The Role of the Left in Elaborating a New European Détente

Walter Baier calls for a new balanced European security including international treaties on arms control and reduction, reestablishing trust and the reconstructing economic and cultural ties.

In the past decades, there was not a single day without war occurring somewhere in the world. But never since the end of the Cold War were the two main nuclear powers, the Russian Federation and the United States so close to confront one another by armed force. We stand today vis-à-vis the ruins of the entire political capital accumulated since the fall of the Berlin Wall.

There were ominous signs though, such as the cancellation of the Intermediate-Range Nuclear Forces treaty by the US and Russia, accompanied by reciprocal accusations, the extension of NATO, the refusal of the majority of EU member countries including Sweden and Finland to ratify the treaty on the prohibition of nuclear weapons etc… Perhaps we did not pay enough attention to all this. 

However, even in this situation, we have a real chance to change course.

Particularly we agree to the emphasis laid upon the ecological reconstruction and the struggle for social justice, against precarisation and for women’s equality, all of them being marginalized due to the war, as the Secretary General of the UN remarked recently. 

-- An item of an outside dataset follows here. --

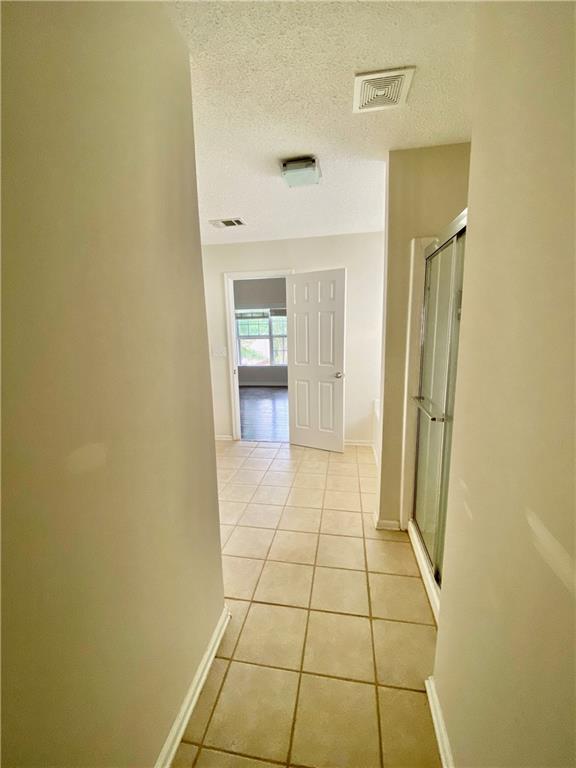 9020 Friarbridge Drive Suwanee, GA 30024 - Photo 29 of 48 view of an empty room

What can or should the Left do?

transform! europe deems important, to hammer out specifically four strategic ideas:

  1. The strive for peace should be put even more explicitly center stage. However, even if the weapons were silent, something which we all are hoping and fighting for, there will be at best a truce, introducing a freezing of the conflict, because the fundamental contradictions which charge the European and global security structures will persist. Differently said, whatever provisional political solution for the Russian-Ukrainian war would be found, a durable peace must be integrated in a new European, perhaps even global security architecture. This also requires a new vision of Europe and the role of the EU, which is, most assumingly the role of the European pillar of NATO.
  2. If this is true, we need a profound debate between our parties, other progressive forces, and like-minded social movements about quite a few new and difficult political problems.
    E.g., once the war will be over, and hopefully this will be the case soon, the Ukrainian people will still exist, Russia will continue to be a major European power and Europe will have to deal with it. Do we want the EU balancing on the edge of war and if not, what a crisis-proof, autonomous system of collective security in Europe may look like, provided the complete loss of trust between the relevant forces?
    Today is not 1975, when 35 heads of states met in Helsinki – today is 1968, when the tanks of the Warsaw Pact invaded Czechoslovakia. From today’s perspective, a new, balanced European security order hardly seems achievable. On the other hand, there were only seven years between the invasion of Prague and the Helsinki-conference.
    It seems that the European Commission and the governments have lost completely sight of a long-term perspective of European security in adopting Joe Biden’s confrontative strategy.
    Therefore, it is on the Left to elaborate a realistic strategy towards a new European détente, a re-print of the Eastern policy of the 1970ies, including international treaties on arms control and reduction, for reestablishing trust and the reconstructing economic and cultural ties. The effort for nuclear weapon free zones and their gradual extending to the entire continent from the Atlantic to the Urals may be an instrument in this struggle.
    Irrespectively of to whom and to which extent we attribute the main responsibility for the actual situation, we are in the state of a global economic war, fragmenting the world economy, dismembering the value chains, and interrupting food and energy supply, all of it having tremendous repercussions on the global economy and the European societies. We must be prepared to defend the social rights of our people in these dire circumstances. And above all, most frightening is the fact that the severance of dependencies clears the field for war, which otherwise under conditions developed over decades of mutual economic and cultural interrelation would be unthinkable. Designing steps towards a new détente is not a short-time job; it will also require research and debate.
  3. We must give prominence to the fact that radical Left and progressive parties of several countries take part in governmental coalitions. This potentially may create new possibilities but at the same also constitutes a responsibility we should explicitly address at the European Forum of Left, Green and Progressive forces, which will be taking place from 21 to 23 October 2022 in Athens.
  4. We should deepen the dialectics between social movements and our political parties, which is one of the core competences of transform! Europe anyway. Movements sometimes have better possibilities to raise radical demands. We should grant them space to express themselves autonomously and listen to them.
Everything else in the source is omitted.